#### [WHAT TO DO]
Pictures aside, copy exactly each line from the one that holds "Used Volkswagen Tiguan" through the last line of the records below.
_ _ _
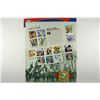 Image 1 : 1910'S CELEBRATE THE CENTURY US POSTAL SET 15-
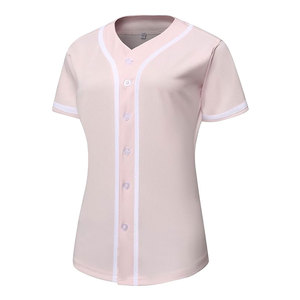 เสื้อซอฟต์บอลอเนกประสงค์สำหรับการฝึกซ้อมภาคสนามและการจัดหาอุปกรณ์สำหรับโปรแกรมการศึกษาด้านพลศึกษาในโรงเรียน - Product Image 1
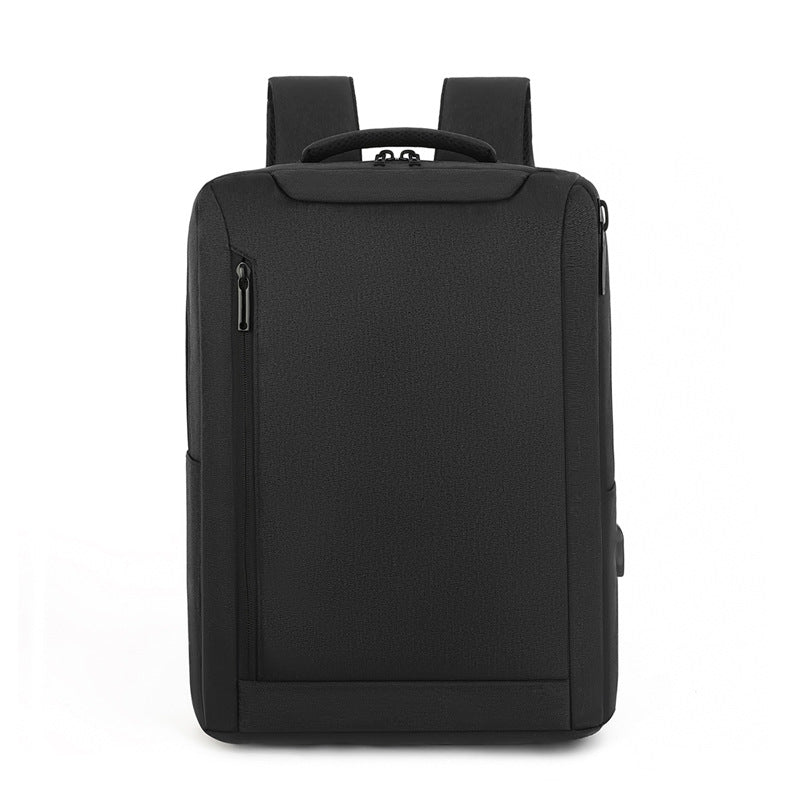 Sleek Urban Commuter Rucksack Brehn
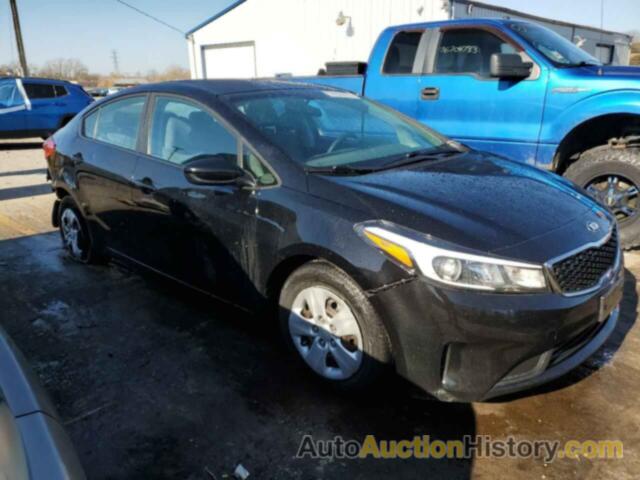 KIA FORTE LX, 3KPFK4A7XHE122407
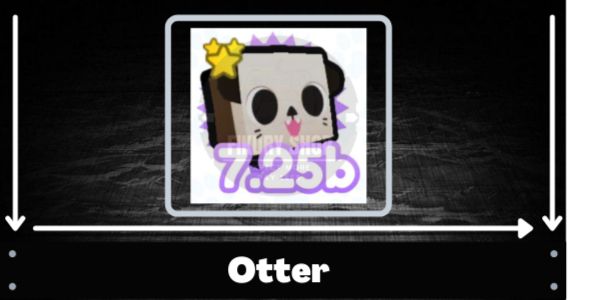 Otters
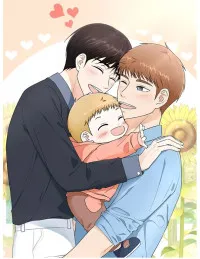 Truyện tranh Nuôi Con Rồi Lại Yêu Đương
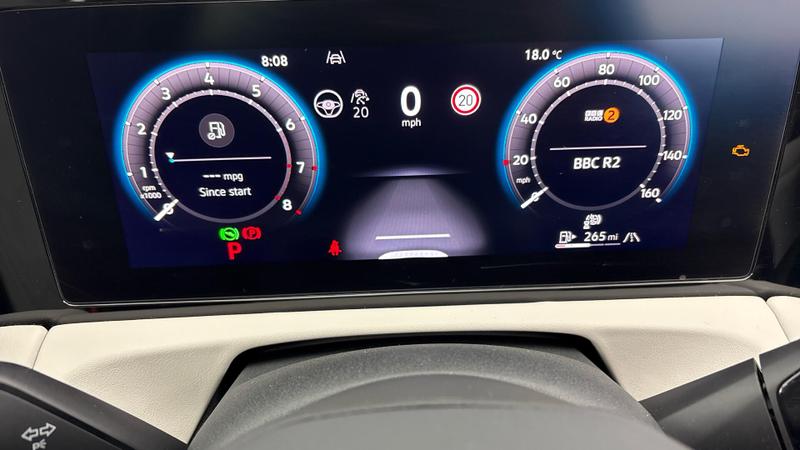 Used Volkswagen Tiguan 2025 for sale - 75604503: Photo 7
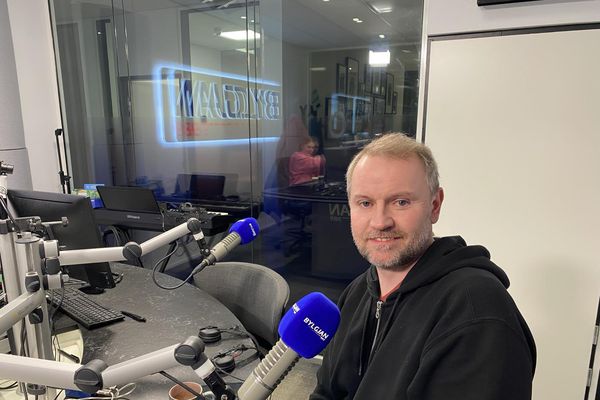 Bítið - Erum við hafnasóðar?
_ _ _
#### [ANSWER TO THE EXERCISE]
 Used Volkswagen Tiguan 2025 for sale - 75604503: Photo 7
 Bítið - Erum við hafnasóðar?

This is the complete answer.